→ Work instruction
Please give the lines below again exactly as they stand, from the one that contains "Scaffold Sentinel: Skull" up to and including the one that contains "Vintage Hanes Dads", leaving all pictures out.

(Supplied information begins)

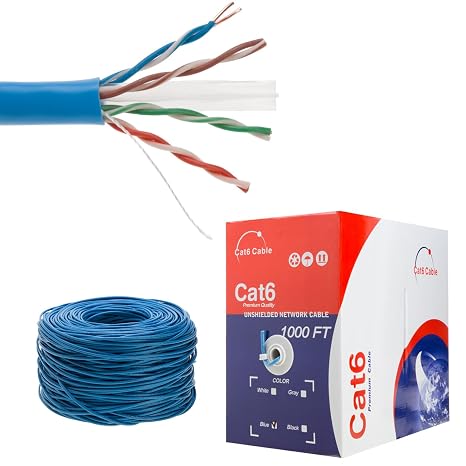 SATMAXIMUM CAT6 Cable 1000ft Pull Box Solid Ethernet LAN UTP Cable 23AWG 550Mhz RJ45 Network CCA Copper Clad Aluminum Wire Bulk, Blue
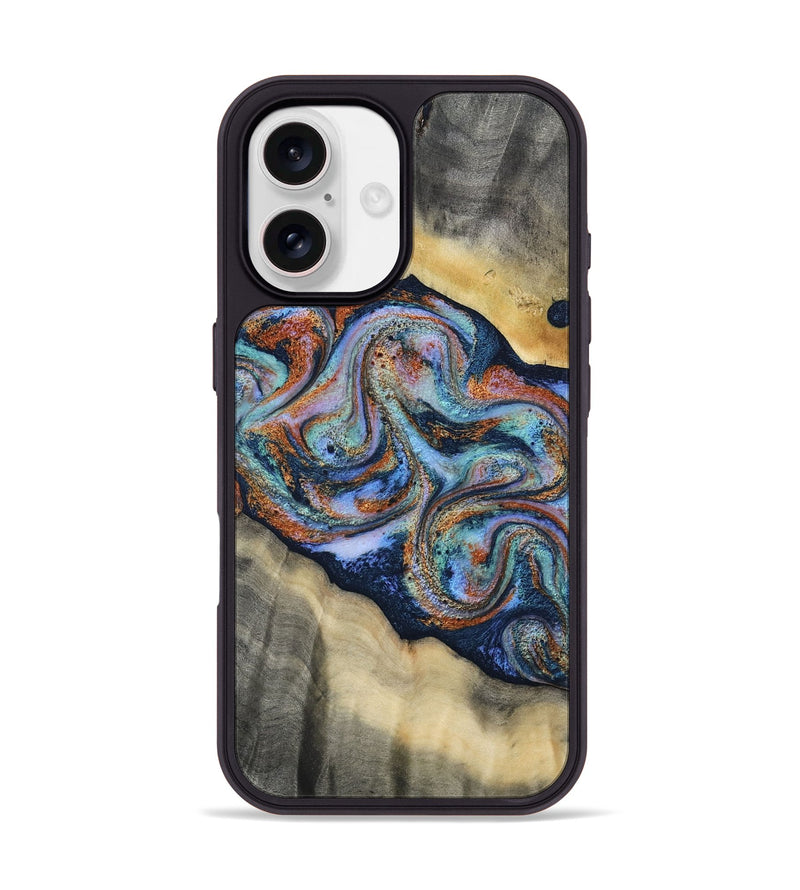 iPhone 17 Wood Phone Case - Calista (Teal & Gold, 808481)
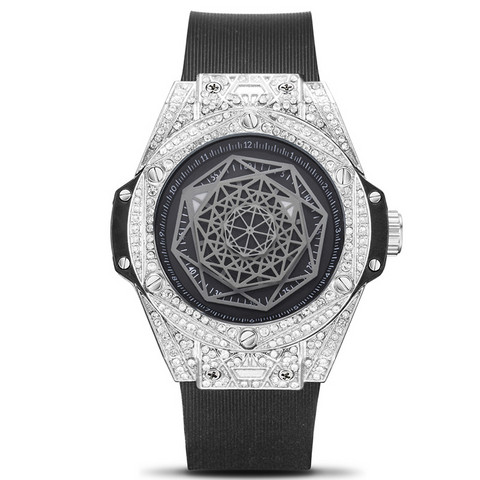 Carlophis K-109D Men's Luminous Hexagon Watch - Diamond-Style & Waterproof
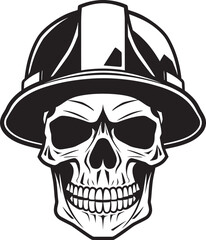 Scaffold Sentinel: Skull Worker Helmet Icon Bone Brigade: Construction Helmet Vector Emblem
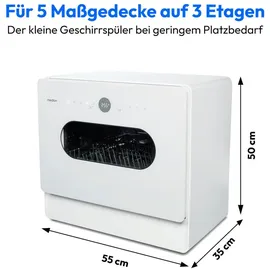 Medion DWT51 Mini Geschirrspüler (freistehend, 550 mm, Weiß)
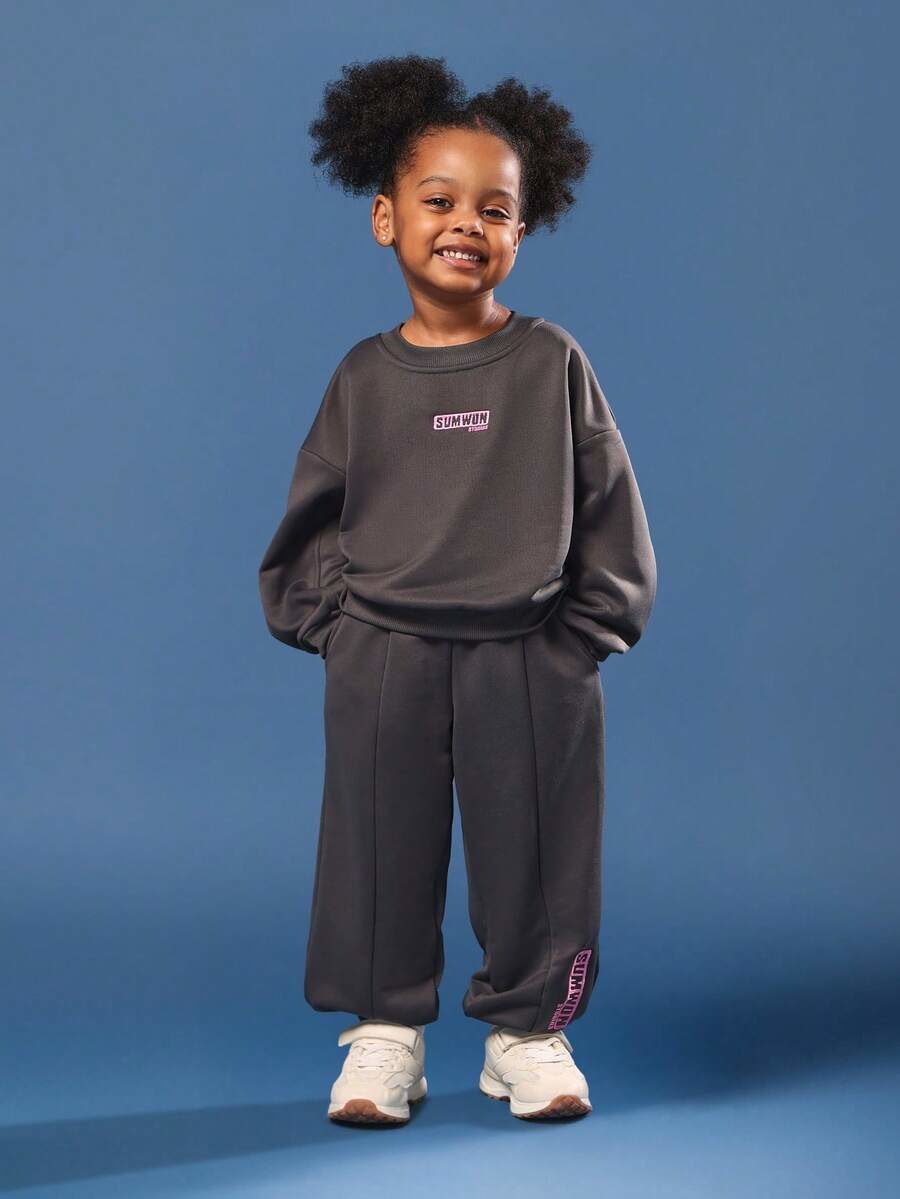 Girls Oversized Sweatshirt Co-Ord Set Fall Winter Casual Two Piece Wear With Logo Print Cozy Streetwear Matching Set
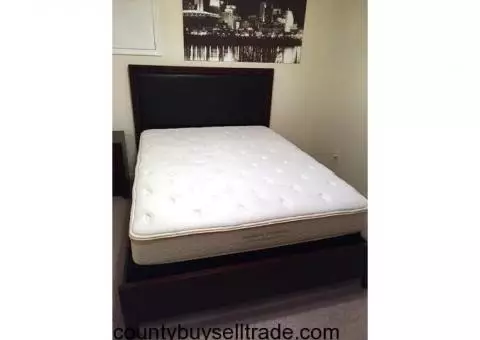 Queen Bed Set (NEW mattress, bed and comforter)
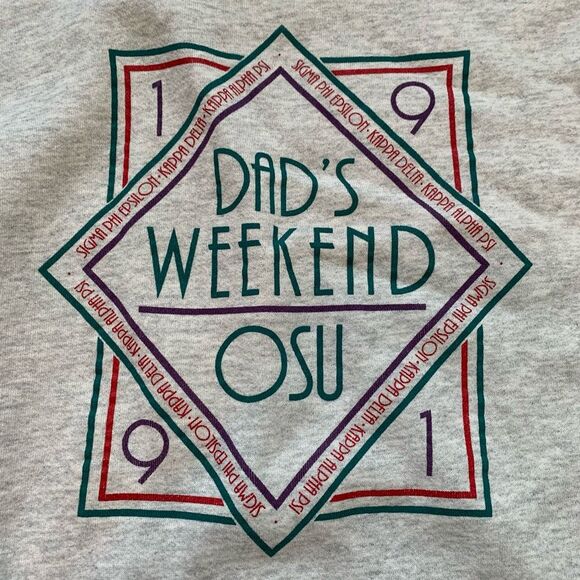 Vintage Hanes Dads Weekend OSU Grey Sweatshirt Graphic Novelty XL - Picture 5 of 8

(Supplied information ends)
(Supplied information begins)

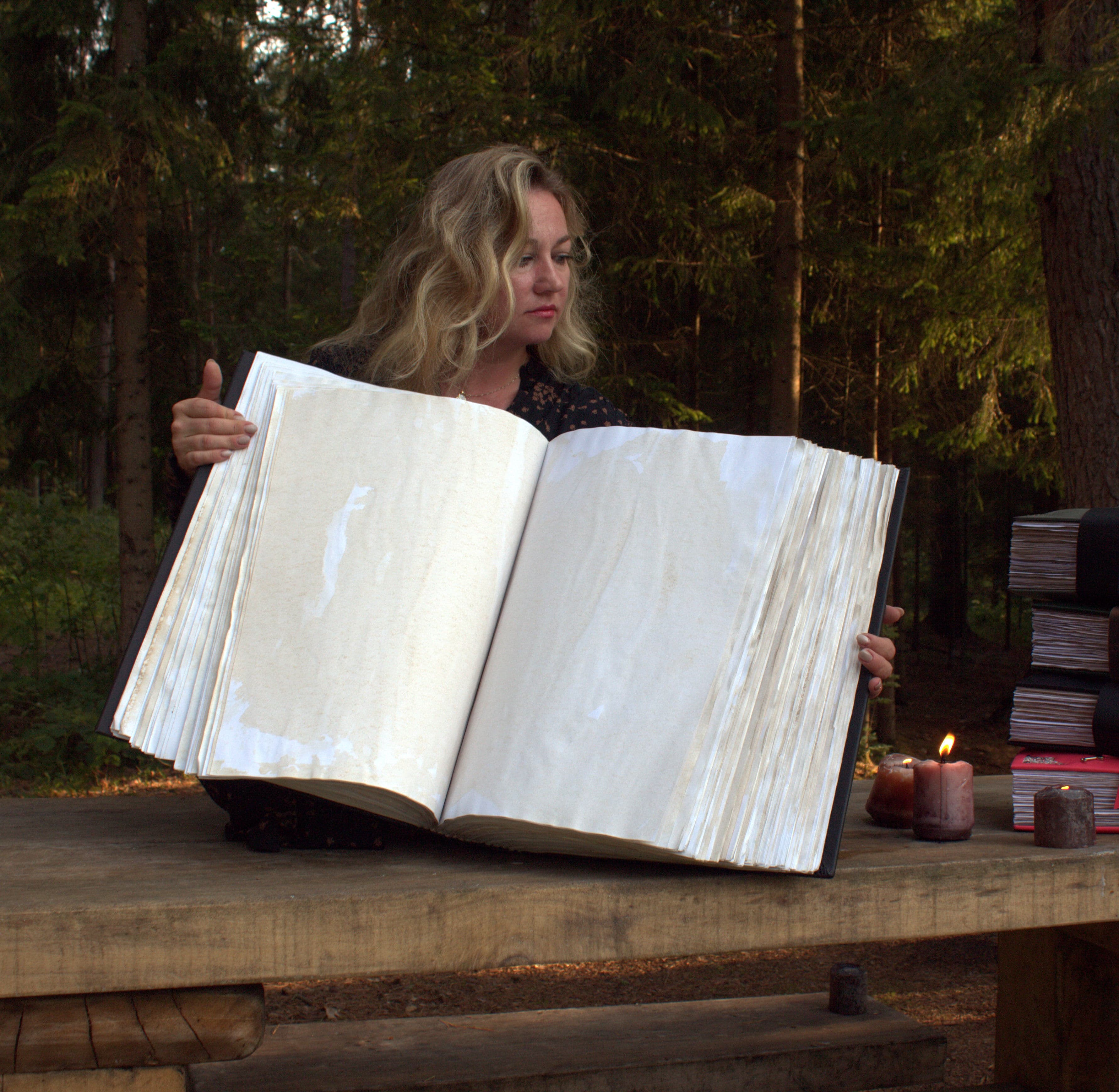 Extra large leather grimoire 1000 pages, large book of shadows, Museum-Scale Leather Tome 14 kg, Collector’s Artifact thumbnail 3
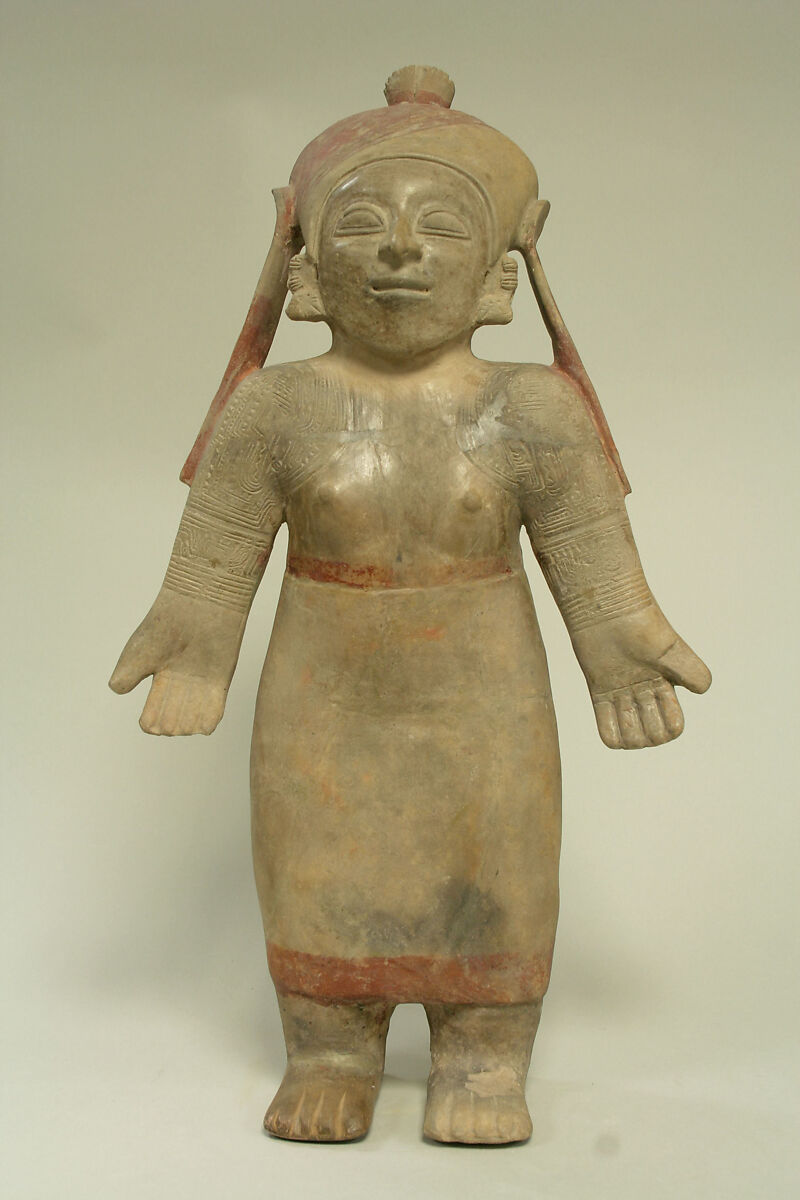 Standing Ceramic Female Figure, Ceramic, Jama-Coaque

(Supplied information ends)

→ Answer for this exercise
 Scaffold Sentinel: Skull Worker Helmet Icon Bone Brigade: Construction Helmet Vector Emblem
 Medion DWT51 Mini Geschirrspüler (freistehend, 550 mm, Weiß)
 Girls Oversized Sweatshirt Co-Ord Set Fall Winter Casual Two Piece Wear With Logo Print Cozy Streetwear Matching Set
 Queen Bed Set (NEW mattress, bed and comforter)
 Vintage Hanes Dads Weekend OSU Grey Sweatshirt Graphic Novelty XL - Picture 5 of 8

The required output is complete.